Pause Reflect Transform

Author: Nuzla Nawaz

Would you believe that I learnt one of the most important life lessons while watching Pooh Bear? Many years ago, while watching ‘Christopher Robin,’ a cherished movie to this day, I learnt from Pooh that ‘doing nothing leads to something.’ At that point in life, I was a mum with the ‘rushing-woman syndrome,’ and indeed, it hit me differently! Many years after reflecting on the woman I have become today, I am proud to say that I am a ballerina, poised with grace as the world rushes past me.

 

Once upon a time, I was a mum and a wife with a never-ending to-do list, a wealth of love in my heart, and, unfortunately, a whole lot of complaints along with a multitude of resentments. It was a time in my life when everything overwhelmed me. While rushing to get my household chores done, keep the house spic and span, meet work deadlines and financial responsibilities, do school runs, care for my loved ones, and do a zillion other things that needed doing, I found myself on an emotional high, waging war within myself as well as with the ones I love, unknowingly and sometimes knowingly. Due to my daily battle with my never-ending to-do list and overcharged emotions on the verge of erupting like Mount Fuji, my loved ones were walking on eggshells around me. Tears well in my eyes when I think that the people I wanted to serve with love were seen as responsibilities and sometimes as another burden to shoulder alone.

 

I remember coming home late after work, having listened to my children in school, only to lose my temper with my very own. Having been my bubbly self with the outside world, only to be frustrated with my husband and children. Many a day, in between my rushing, I have wondered how it is that my family expected me to be a ‘superwoman!’ As I write this, I am smiling, thinking of that moment when it suddenly dawned on me, quite out of the blue, that nobody expected me to be a ‘superwoman’ other than myself! So my vehement mantra, “I’m not a superwoman! I’m only human!” said in anger at my family during my vexed moments, was left hanging in the air until one day, one moment, I caught the words I threw so carelessly around and strung them together in a moment of silence to make sense of it all.

 

 

The power of that moment… I chose to pause and it has changed the way I live life today.
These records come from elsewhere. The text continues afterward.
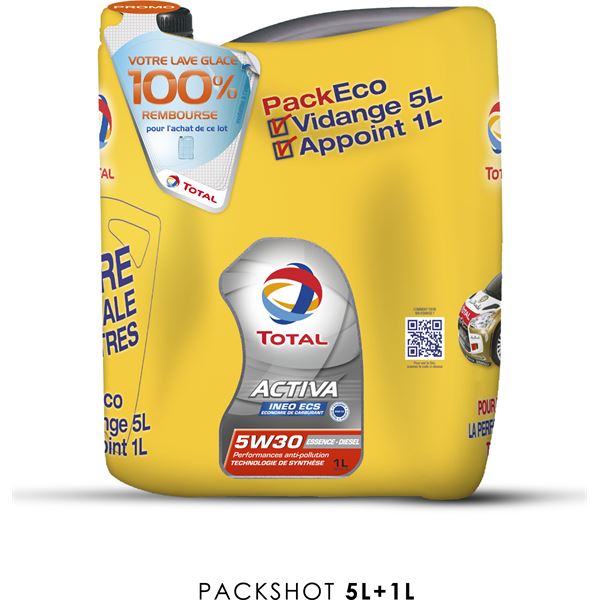 Huile moteur TOTAL ACTIVA INEO ECS 5W30 essence/diesel 5+1L + LG 100% remboursé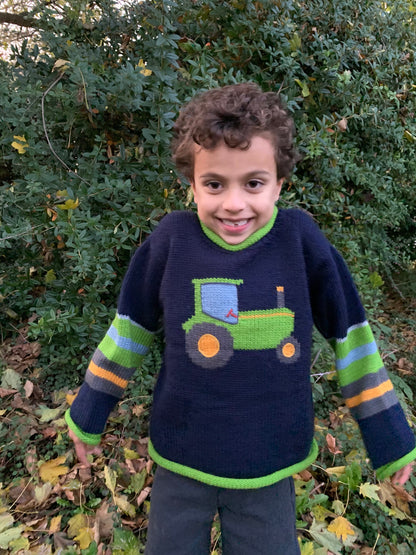 Tractor knit Jumper, Kids sweaters, Blue and green tractor Sweater, Alpaca Knitted jumper, Blue knit children jumper, Farm kids jumper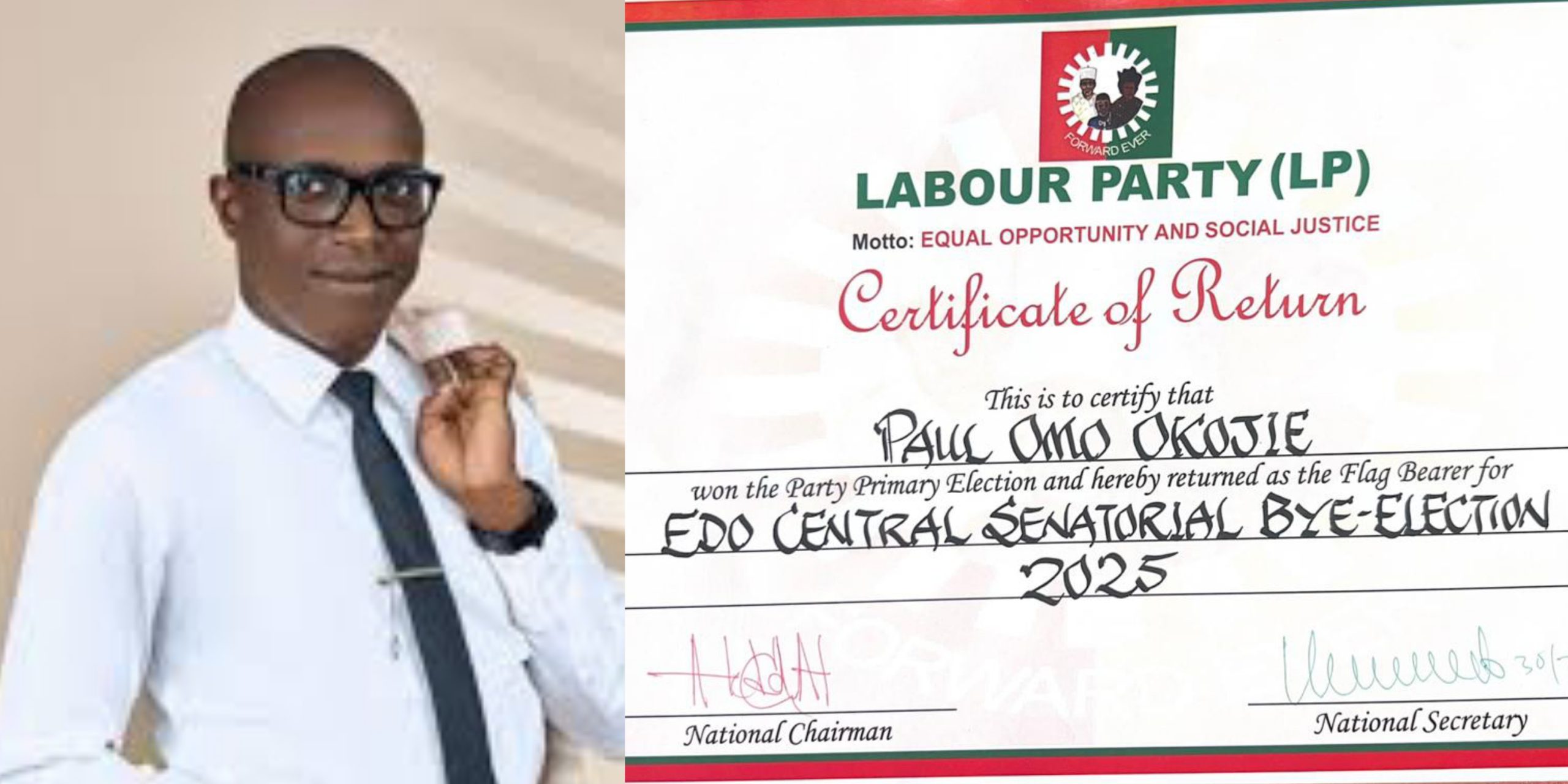 Edo Central Bye-Election: LP Issues Certificate Of Return To Paul Omo Okojie.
Since that moment, I have made intentional decisions rather than rushing through life. It has taken me many years, many trials, and much reflection to finally understand and finally zoom in on ‘what I REALLY WANT in LIFE.’

 

Learning to pause does take quite a lot of work. A lot of unlearning. A lot of new learning. The more I practiced and continue to consciously practice pausing, I found and find freedom! Exhilaration!

 

In our fast-paced lives, pausing might feel like an elusive skill people talk about cultivating. You might feel that it is for the ones who have succeeded in life and somehow or the other manifested this time. I believe, through my own experience, that pausing and resetting is not about going on a vacation. It can be that too. However, for me, this has multiple dimensions. It is about pausing moment to moment to re-set during our busy workdays, to find pockets of peace, to feel rejuvenated, and to have calmness of mind. It can be to pause before responding in a manner that you might regret later as well. It can even be about being present in the moment to enjoy the essence of the experience while my daughter talks about her love for BTS or my son talks about his newfound interest in volleyball through anime and how the school disciplinarian confiscated the volleyball while taking in their play of emotions on their innocent faces that I so dearly love. Drinking my morning cup of tea, gazing at the fish darting in the tank, thinking of what lies ahead in the day is pausing for me. Waking up early to have a few quiet hours to reflect and journal, one hour of exercise, as well as making plans for my new career move is pausing for me. Whether it is catching a family movie with my kids, going on a weekly date with my hubby, or finding little pockets of time for our family gratitude circle before bedtime or a walk at the Bellanwila walking path, I have realized that I have finally started living life the day I started to pause. I started really living for what I wanted and what I loved.

 

This profound treasure I have come upon is just the beginning, Alhamdulillah! As I walk on this path, I tell myself to be consistent and conscious of the need for balance along with compassion for myself, as Rome was not built in a day.

 

The power of the pause has been quite phenomenal for me. It can be for you too.